06.11.2014
Par Caroline Félix
Sylvie Brunel, professeur de géographie et écrivain, à Paris, le 14 octobre 2009. AFP Olivier Laban-Mattei |
L’Afrique est désormais présentée comme le continent du décollage économique, le réservoir démographique et énergétique de demain. Un « afroptimisme » forgé au gré des rapports stratégiques, études prospectives et articles enthousiastes qui exhortent politiques et entreprises à se tourner vers le continent noir.
Mais ce développement est-il durable, et saura-t-il bénéficier aux milliers de pauvres qui peuplent encore l’Afrique ? C’est la question que pose Sylvie Brunel, géographe, économiste, spécialiste des questions de développement et ancienne présidente d’Action contre la faim.

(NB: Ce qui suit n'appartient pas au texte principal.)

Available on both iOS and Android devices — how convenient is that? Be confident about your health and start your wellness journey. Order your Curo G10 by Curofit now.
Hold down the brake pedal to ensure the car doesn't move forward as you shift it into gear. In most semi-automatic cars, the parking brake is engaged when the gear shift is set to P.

L’Afrique connaît depuis 2000 un taux de croissance supérieur à 5 %. A ce chiffre, elle en oppose d’autres : un tiers des pauvres de la planète vit en Afrique subsaharienne contre un cinquième en 1990, et l’Afrique ne représente que 1,6 % du produit intérieur brut mondial. Et elle rappelle que la croissance repose sur une série de mannes (pétrole, potassium, etc.) peu pourvoyeuse d’emplois. « La croissance, ce n’est pas le développement », résume-t-elle.

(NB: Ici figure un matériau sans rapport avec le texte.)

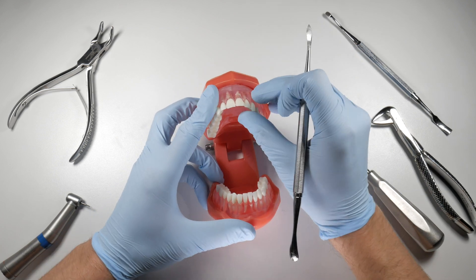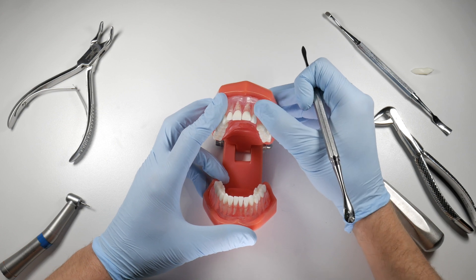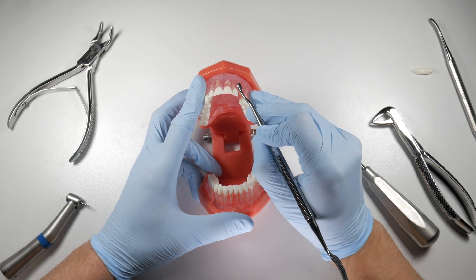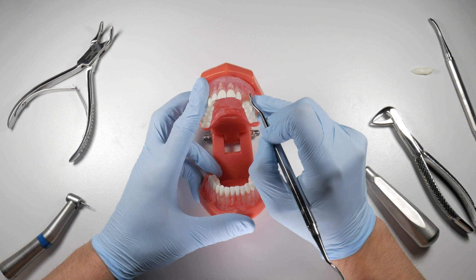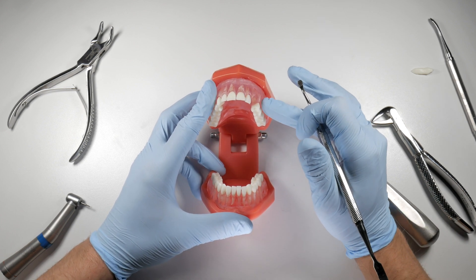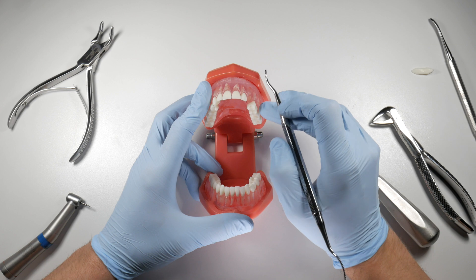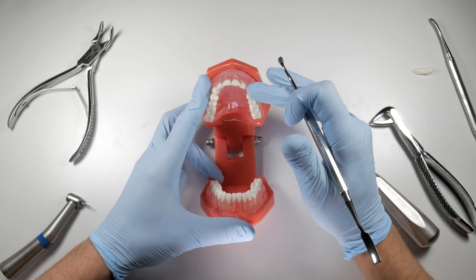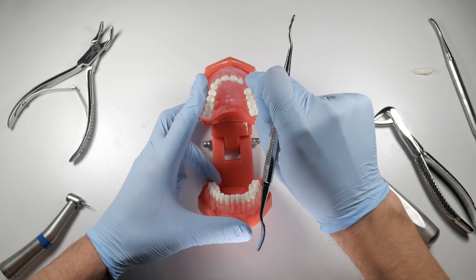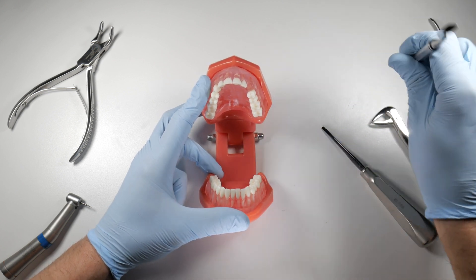Once the tooth is out, palpate the area — if you feel mobile bone or sharp edges, that's another reason to have undermined the flap, so you can access those regions with your bone file. Using pull strokes, smooth down the bony edges from the removed plate. Feel again when done to ensure it's smooth; if not, use a rongeur to clip a bit more bone, go over it again with the bone file, then irrigate thoroughly with a monoject syringe and sterile saline. Use a narrow suction tip — white or blue — to get under the flap to the base to remove all bony spicules.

Les Africains constitueront en 2050 un marché de 2,5 milliards de consommateurs, le premier mondial. Mais l’explosion démographique africaine est décrite comme une arme à double tranchant : plutôt que de se contenter d’adopter les habitudes consuméristes de la classe moyenne, la jeunesse africaine pourrait « propager une révolution interne » comme c’est le cas aujourd’hui dans certains pays du Sahel.
En cause, les inégalités qui se creusent et les gouvernements qui, faute de bien répartir l’immense manne des investissements chinois, français et américains, et les 50 milliards de dollars d’aides publiques annuels, renforcent l’instabilité.

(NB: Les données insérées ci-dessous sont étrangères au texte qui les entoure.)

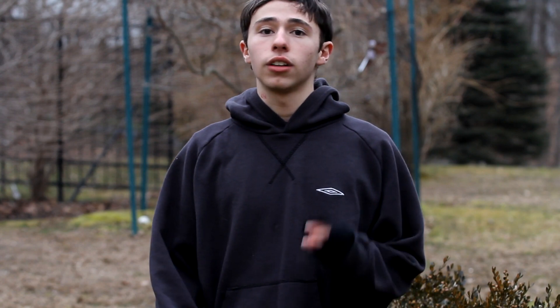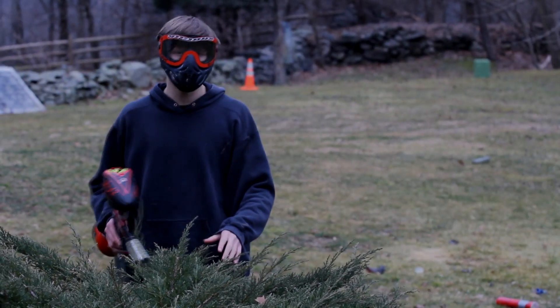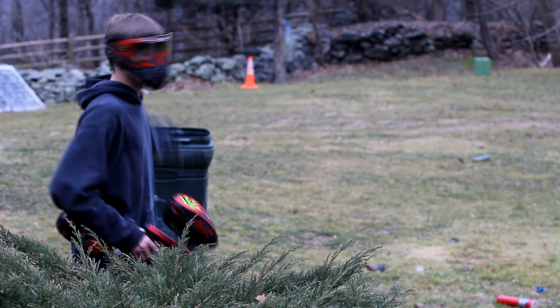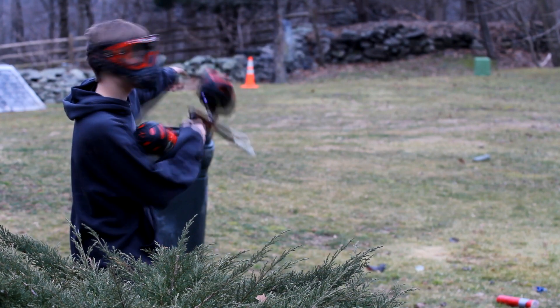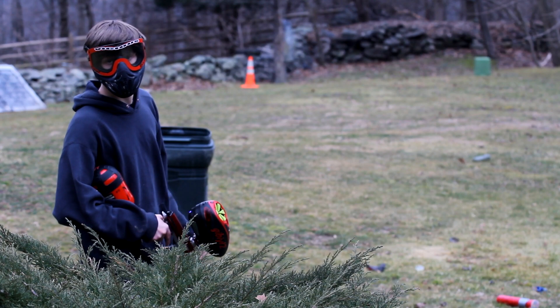It's a very simple drill — you don't need a ton of equipment, you don't need more than one person, and it's going to really help you with your laning skills so you start shooting people off the break a lot more consistently. Aaron's going to show you how it's done. There's our dead box — I'm going to touch up here, then walk up to that cone right there, shooting first at that box down there and then at the cone.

Malgré ce constat alarmiste, des certitudes : l’Afrique est riche, et il n’y a aucune raison que cela ne profite pas au plus grand nombre.
Dans son épilogue, la géographe cite la présidente de la Commission de l’Union africaine, Nkosazana Dlamini-Zuma : « Il faut trouver des solutions africaines aux problèmes africains. »
Ce sont les Etats qui détiendraient alors la clé du développement, et non les ONG étrangères ou les partenaires extérieurs. A l’image de ce qui se fait en Ethiopie ou au Rwanda, les gouvernements doivent s’appuyer sur leurs communautés rurales jusqu’à présent négligées. Elles seront alors le moteur du décollage durable de l’Afrique, car elles représentent deux tiers de la population et pourraient, grâce à une bonne gestion gouvernementale, rentabiliser les 60 % de terres arables mondiales non exploitées.